His stepfather, Ernest R. McDowell, had planned for a life of military service. He enlisted in the Army Air Corps and was training to be a bombardier before an injury prevented him from completing that program. He continued to serve throughout the war, but in light of his injury was discharged as a Sergeant as the military downsized. For many years thereafter he authored, co-authored, or otherwise contributed to several well-regarded histories of the development of airpower for Squadron Signal Publishing Company.
“My family showed high regard and appreciation toward those who had served,” said Capt. Litteau. “For me, when my turn came, it was paying my dues. It was what I owed my country and those who had served before me.”
Capt. Litteau enrolled in the ROTC program at Lane Technical College Preparatory High School in Chicago. He then continued in Air Force ROTC while attending Illinois Institute of Technology (IIT), where he attained a degree in Mathematics, with a minor in Physics.
After graduation, and upon completion of the summer camp requirement, he was commissioned as a Second Lieutenant on July 11, 1964. His academic background fit the profile of an Air Force weather officer, which was his assigned specialty.
Capt. Litteau and his high school sweetheart Donna were married shortly after he was commissioned, and he spent the first year of their married life at Texas A&M University where he completed the Air Force professional meteorology training program. Texas A&M was one of several schools used by the Air Force at the time for this purpose. Capt. Litteau recalls that there were about 100 newly commissioned fellow officers in the program at that time.
After completion of training, his first duty assignment was as a Weather Officer to Suffolk County Air Force Base, an Air Defense Command base on Long Island. Capt. Litteau served there until the completion of his active duty obligation and was discharged in 1968.
“I didn’t have a clear career goal after college,” Capt. Litteau recalled. “The Air Force provided me with a great opportunity to use and develop my background. It was an interesting job, which gave me the chance to be a part of operations and to work with the pilots and meet astronauts as they passed through.”
After the Air Force, Capt. Litteau says he was introduced to the financial services industry through his military connections. He began this career with the National Association of Securities Dealers, now known as the Financial Industry Regulatory Authority (FINRA), and later served as a vice president for a large international investment bank. While working during the day, he obtained his MBA degree in finance from the part-time program at Loyola University of Chicago.
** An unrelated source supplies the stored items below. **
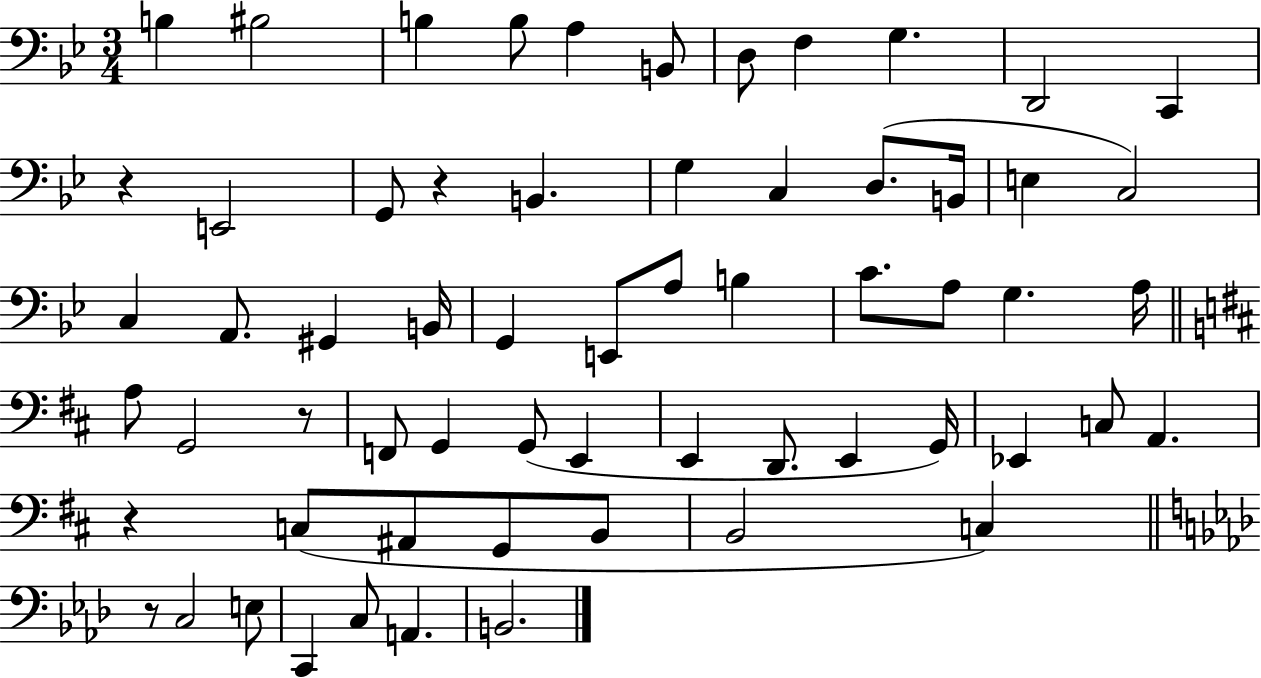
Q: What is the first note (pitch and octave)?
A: B3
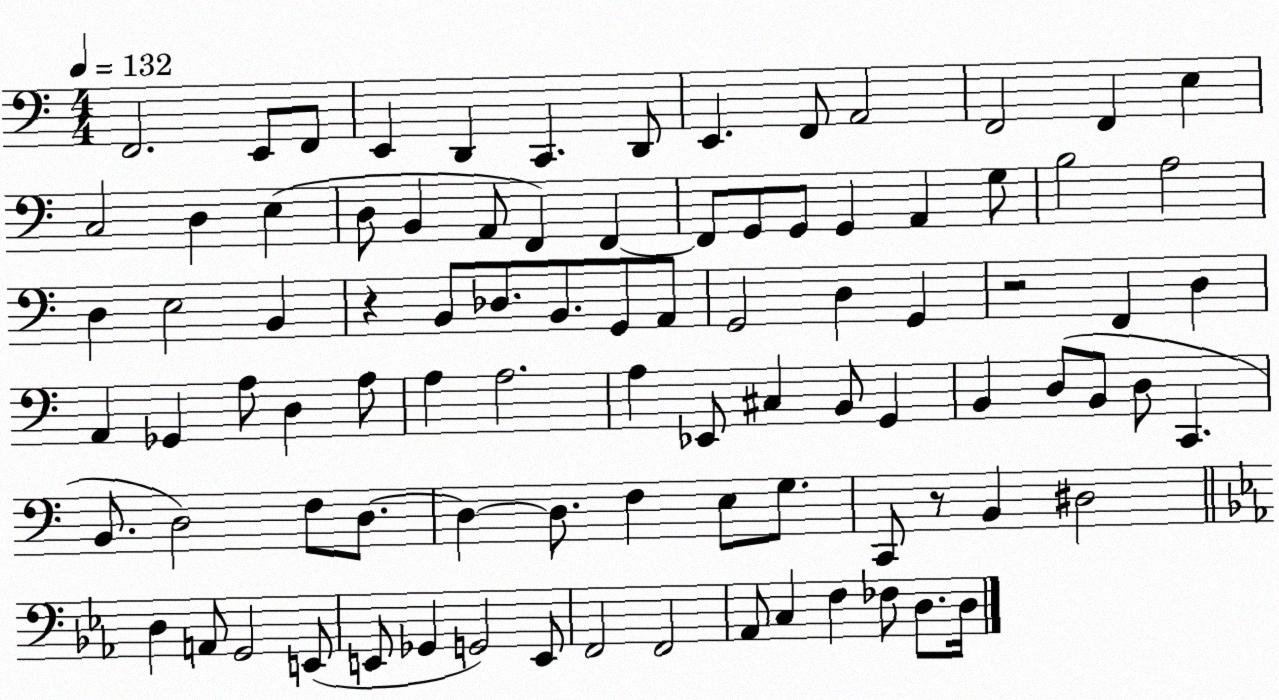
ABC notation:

X:1
T:Untitled
M:4/4
L:1/4
K:C
F,,2 E,,/2 F,,/2 E,, D,, C,, D,,/2 E,, F,,/2 A,,2 F,,2 F,, E, C,2 D, E, D,/2 B,, A,,/2 F,, F,, F,,/2 G,,/2 G,,/2 G,, A,, G,/2 B,2 A,2 D, E,2 B,, z B,,/2 _D,/2 B,,/2 G,,/2 A,,/2 G,,2 D, G,, z2 F,, D, A,, _G,, A,/2 D, A,/2 A, A,2 A, _E,,/2 ^C, B,,/2 G,, B,, D,/2 B,,/2 D,/2 C,, B,,/2 D,2 F,/2 D,/2 D, D,/2 F, E,/2 G,/2 C,,/2 z/2 B,, ^D,2 D, A,,/2 G,,2 E,,/2 E,,/2 _G,, G,,2 E,,/2 F,,2 F,,2 _A,,/2 C, F, _F,/2 D,/2 D,/4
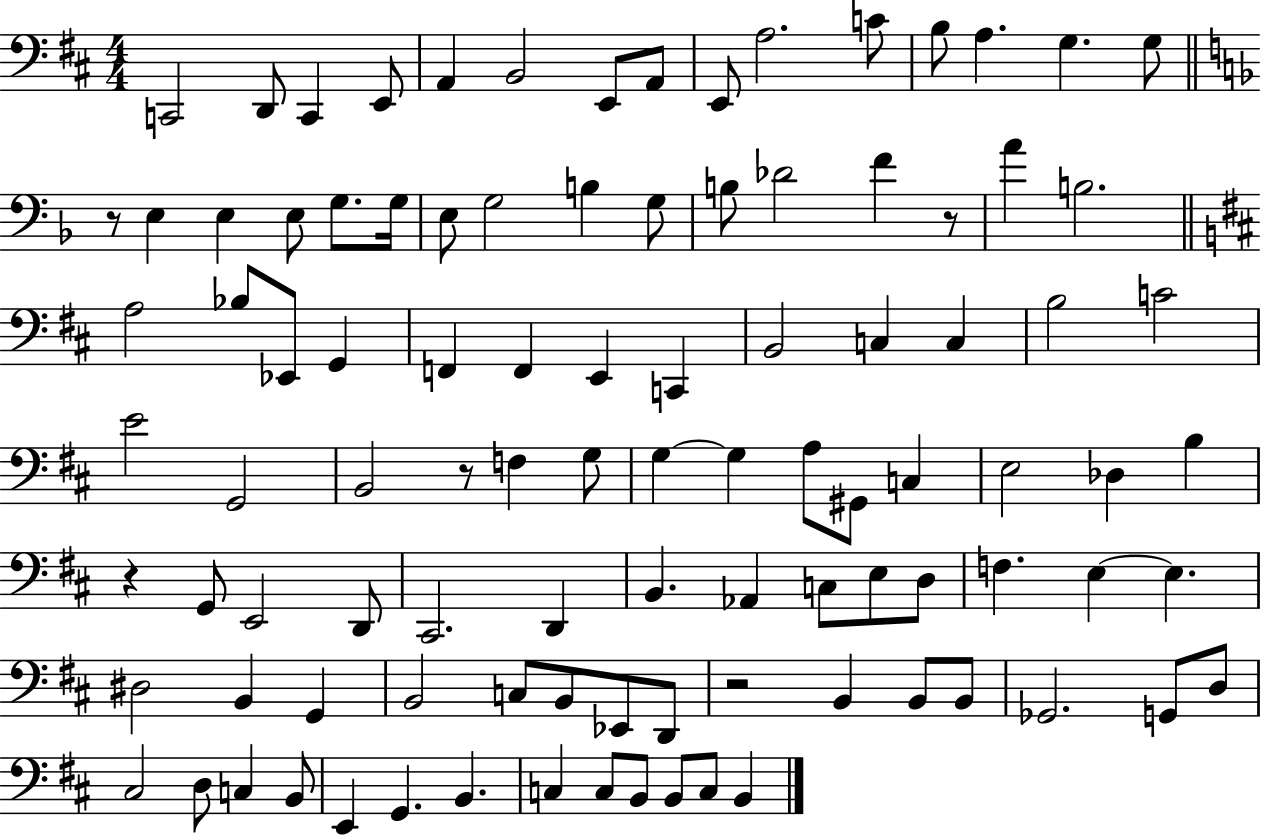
X:1
T:Untitled
M:4/4
L:1/4
K:D
C,,2 D,,/2 C,, E,,/2 A,, B,,2 E,,/2 A,,/2 E,,/2 A,2 C/2 B,/2 A, G, G,/2 z/2 E, E, E,/2 G,/2 G,/4 E,/2 G,2 B, G,/2 B,/2 _D2 F z/2 A B,2 A,2 _B,/2 _E,,/2 G,, F,, F,, E,, C,, B,,2 C, C, B,2 C2 E2 G,,2 B,,2 z/2 F, G,/2 G, G, A,/2 ^G,,/2 C, E,2 _D, B, z G,,/2 E,,2 D,,/2 ^C,,2 D,, B,, _A,, C,/2 E,/2 D,/2 F, E, E, ^D,2 B,, G,, B,,2 C,/2 B,,/2 _E,,/2 D,,/2 z2 B,, B,,/2 B,,/2 _G,,2 G,,/2 D,/2 ^C,2 D,/2 C, B,,/2 E,, G,, B,, C, C,/2 B,,/2 B,,/2 C,/2 B,,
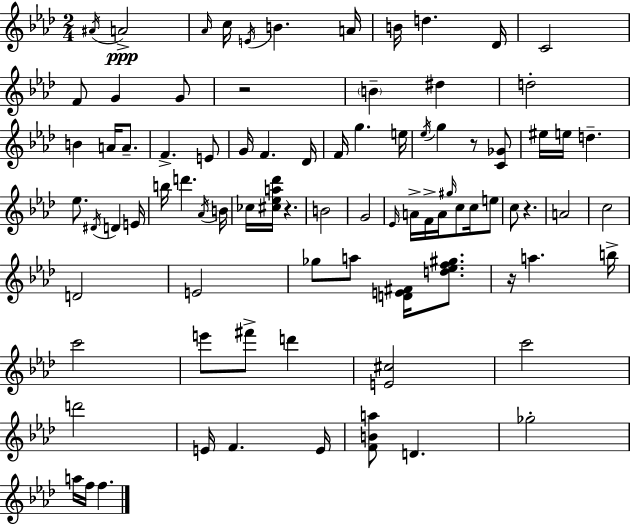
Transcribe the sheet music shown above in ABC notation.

X:1
T:Untitled
M:2/4
L:1/4
K:Ab
^A/4 A2 _A/4 c/4 E/4 B A/4 B/4 d _D/4 C2 F/2 G G/2 z2 B ^d d2 B A/4 A/2 F E/2 G/4 F _D/4 F/4 g e/4 _e/4 g z/2 [C_G]/2 ^e/4 e/4 d _e/2 ^D/4 D E/4 b/4 d' _A/4 B/4 _c/4 [^c_ea_d']/4 z B2 G2 _E/4 A/4 F/4 A/4 ^g/4 c/2 c/4 e/2 c/2 z A2 c2 D2 E2 _g/2 a/2 [DE^F]/4 [d_ef^g]/2 z/4 a b/4 c'2 e'/2 ^f'/2 d' [E^c]2 c'2 d'2 E/4 F E/4 [FBa]/2 D _g2 a/4 f/4 f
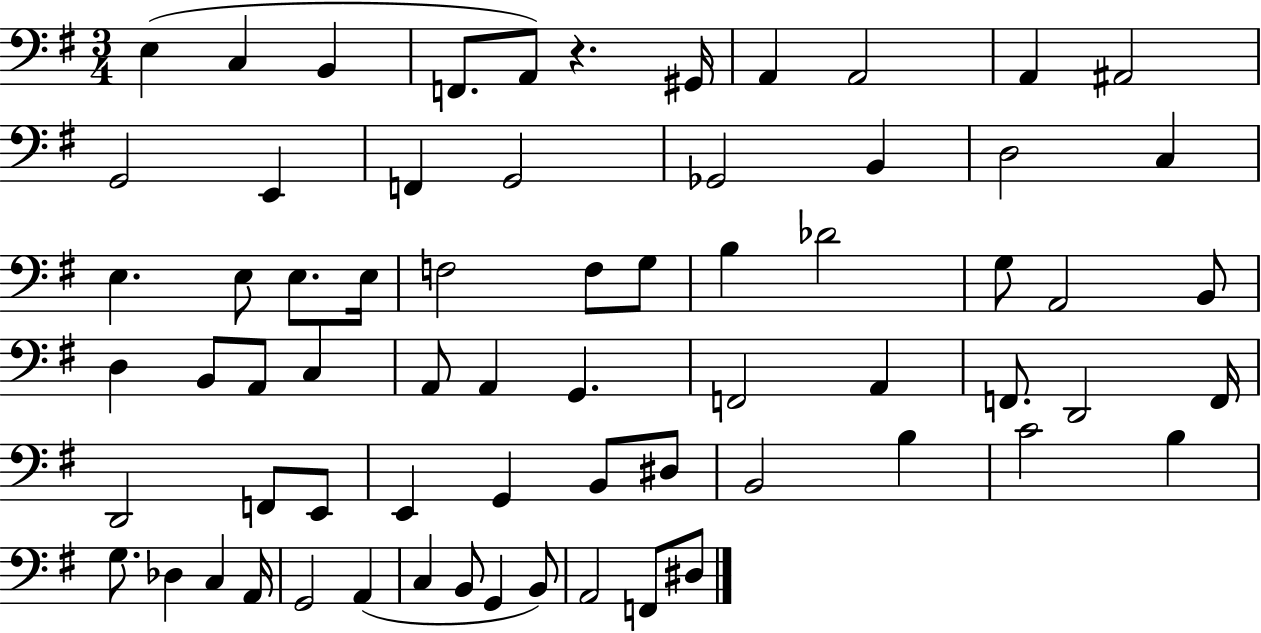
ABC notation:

X:1
T:Untitled
M:3/4
L:1/4
K:G
E, C, B,, F,,/2 A,,/2 z ^G,,/4 A,, A,,2 A,, ^A,,2 G,,2 E,, F,, G,,2 _G,,2 B,, D,2 C, E, E,/2 E,/2 E,/4 F,2 F,/2 G,/2 B, _D2 G,/2 A,,2 B,,/2 D, B,,/2 A,,/2 C, A,,/2 A,, G,, F,,2 A,, F,,/2 D,,2 F,,/4 D,,2 F,,/2 E,,/2 E,, G,, B,,/2 ^D,/2 B,,2 B, C2 B, G,/2 _D, C, A,,/4 G,,2 A,, C, B,,/2 G,, B,,/2 A,,2 F,,/2 ^D,/2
Since 1982, Capt. Litteau has had his own consulting and educational practice in financial services. He has worked with and for governmental, industry and academic groups in the USA, Eastern Europe, Africa and Asia. He has trained personnel involved in the securities industry from entry to managerial level and has taught graduate and undergraduate level finance courses. He has also served as an arbitrator for FINRA and has assisted parties engaged in litigation and dispute resolution.
Capt. Litteau has established charitable gift annuities with AFAS and other organizations. “I wanted to make this part of my estate plan, providing for organizations that have had an impact on my life, as well as with other entities with which we have worked, and which are providing worthwhile services,” he said.
These have included colleges where he earned his degrees, as well as charities serving those in need nationally and internationally. “I like setting up charitable gift annuities because it is not just a one- time disbursement. The funds will be there and will be used over the long-term to meet needs as they arise,” he added.
For his most recent charitable gift annuity, he looked for an agency that provided support to those serving in the Air Force and their families. The Air Force Aid Society’s mission, along with its four-star rating on Charity Navigator met these objectives.
“It is important to be there for those who have volunteered to serve our country,” he said. Capt. LItteau
urges potential donors to think of contributing to AFAS because “you know where the assistance is going.” Adding that, “Airmen and their families who will receive it have earned our support.”